◆ Assignment ◆
Look for the line with "Hawaiian Pet Shirts" in the data below, then reproduce word for word that line and every line after it. Leave out all pictures and add nothing.

....................

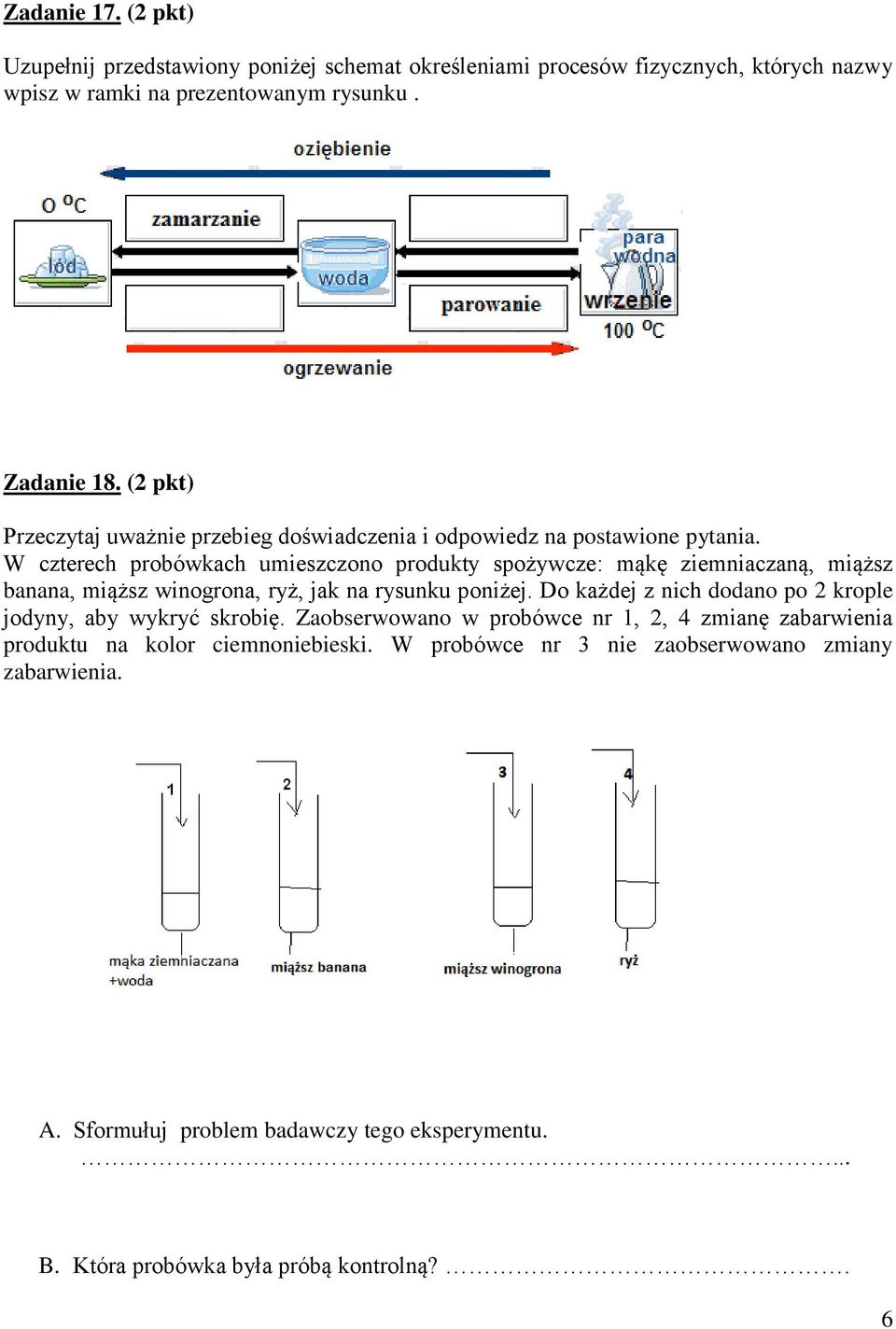 W czterech probówkach umieszczono produkty spożywcze: mąkę ziemniaczaną, miąższ banana, miąższ winogrona, ryż, jak na rysunku poniżej.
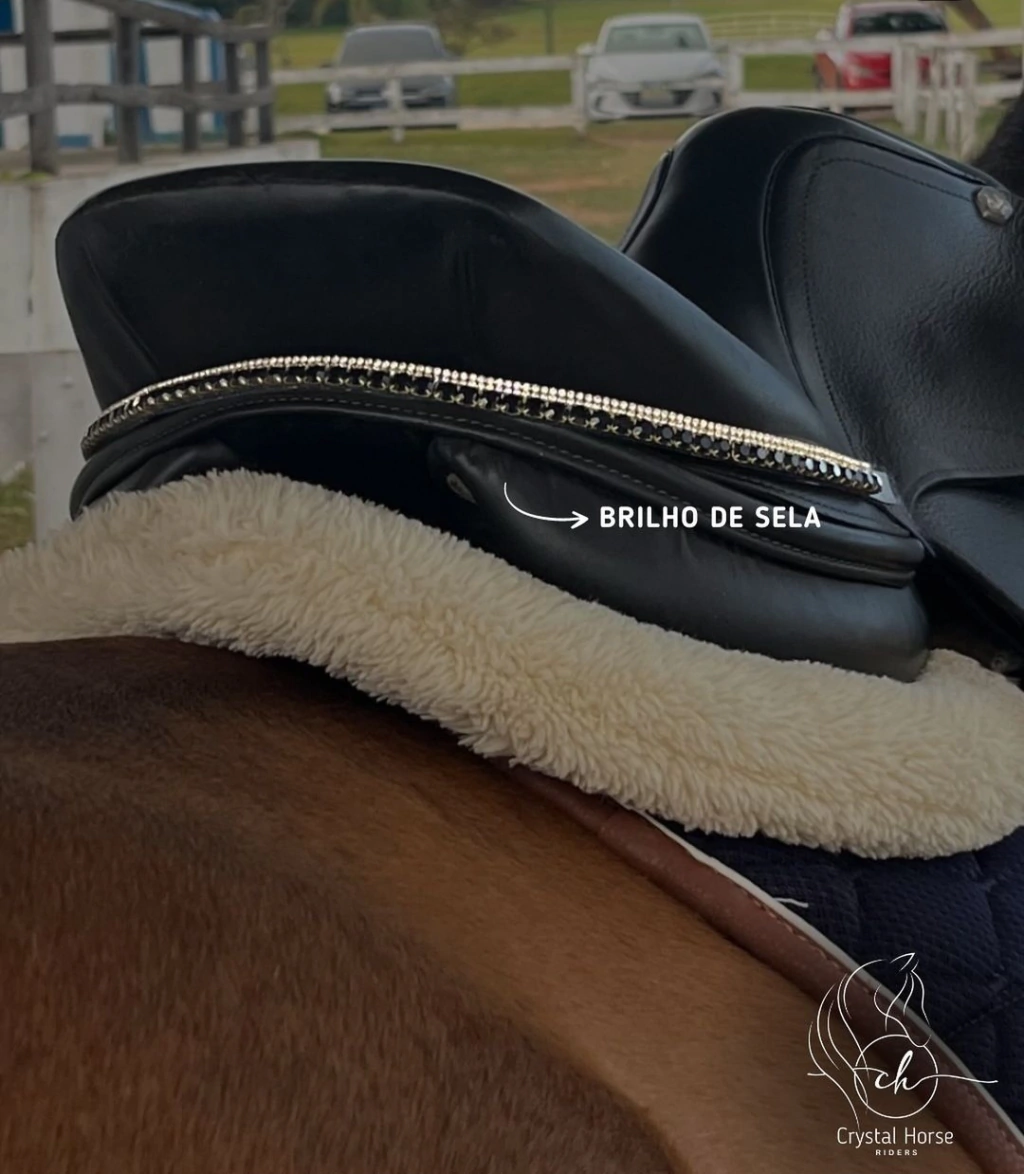 1000105087-f7a049357c3f6310ac17291876875640-1024-1024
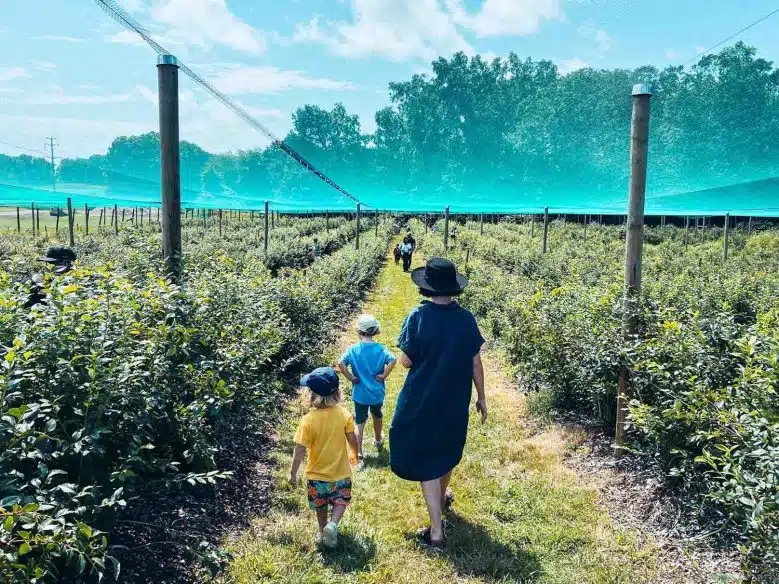 Victoria and kids blueberry picking at Bishop's Orchard.
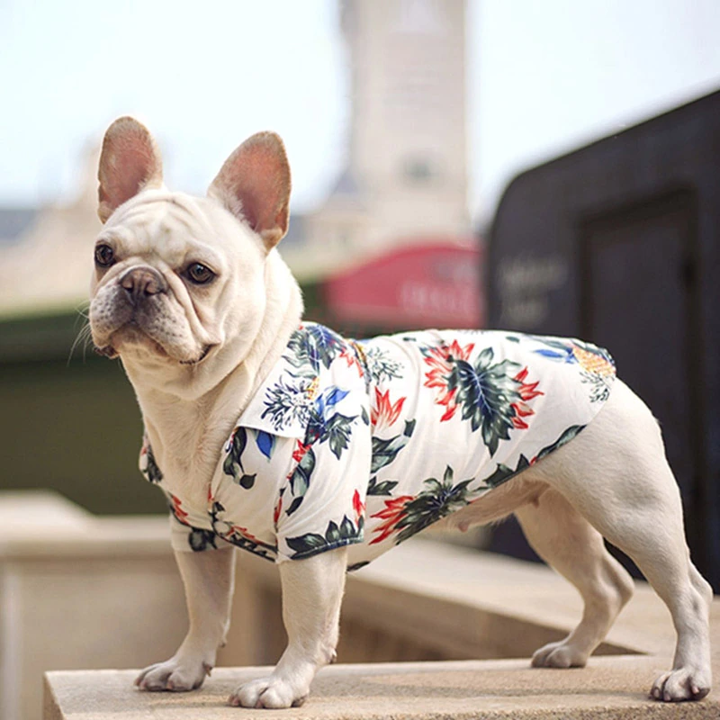 Hawaiian Pet Shirts
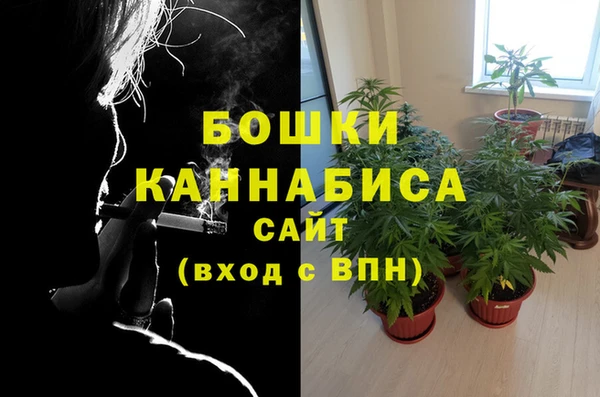хмурый Арсеньев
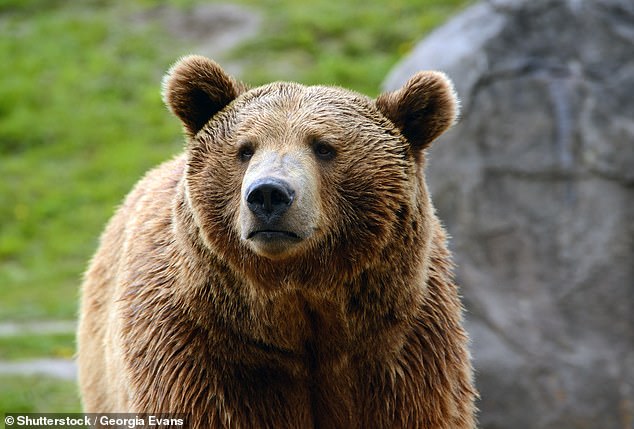 Around 8pm on Friday, Colin Inglis, a relative of the couple, said he received a horrific SOS message from the couple's GPS device: 'Bear attack bad' (Stock Image)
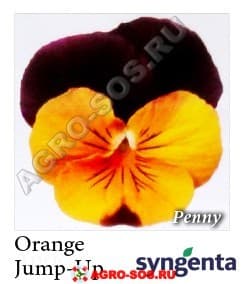 Виола рогатая F1 Penny Orange Jump-up, Syngenta - 1000 семян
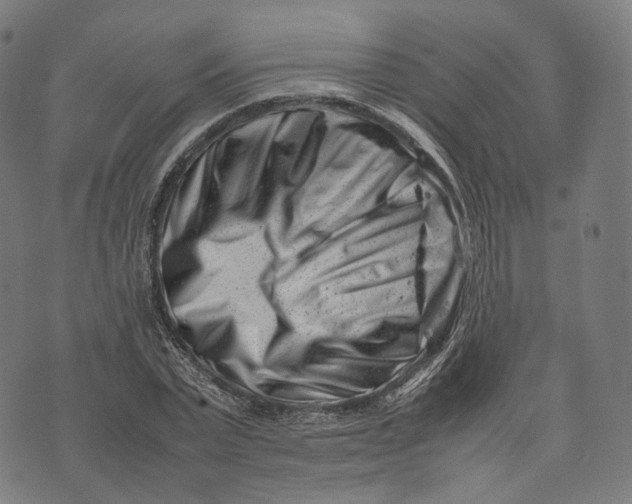 X0000074210783200609151555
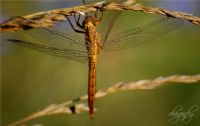 Dragonfly - Fotoraf: Hat Akademi fotoraflar fotoraf galerisi. 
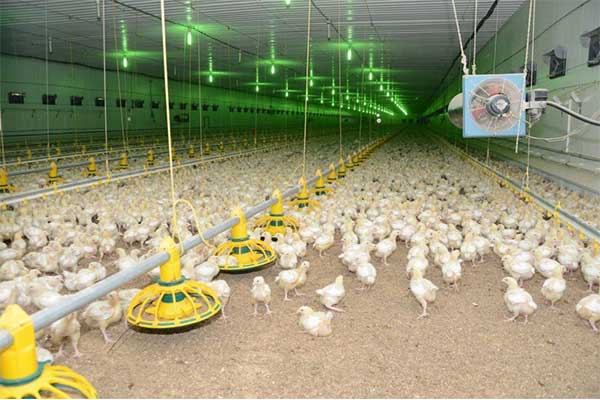 курица в Хабаровске картинка курица в Хабаровске фото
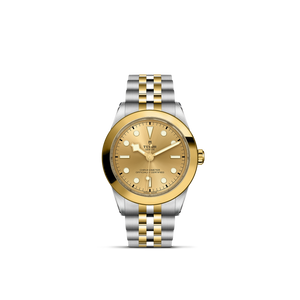 Tudor Black Bay 39 S&G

....................

◆ Exercise solution ◆
 Hawaiian Pet Shirts
хмурый Арсеньев
 Around 8pm on Friday, Colin Inglis, a relative of the couple, said he received a horrific SOS message from the couple's GPS device: 'Bear attack bad' (Stock Image)
 Виола рогатая F1 Penny Orange Jump-up, Syngenta - 1000 семян
 X0000074210783200609151555
 Dragonfly - Fotoraf: Hat Akademi fotoraflar fotoraf galerisi. 
 курица в Хабаровске картинка курица в Хабаровске фото
 Tudor Black Bay 39 S&G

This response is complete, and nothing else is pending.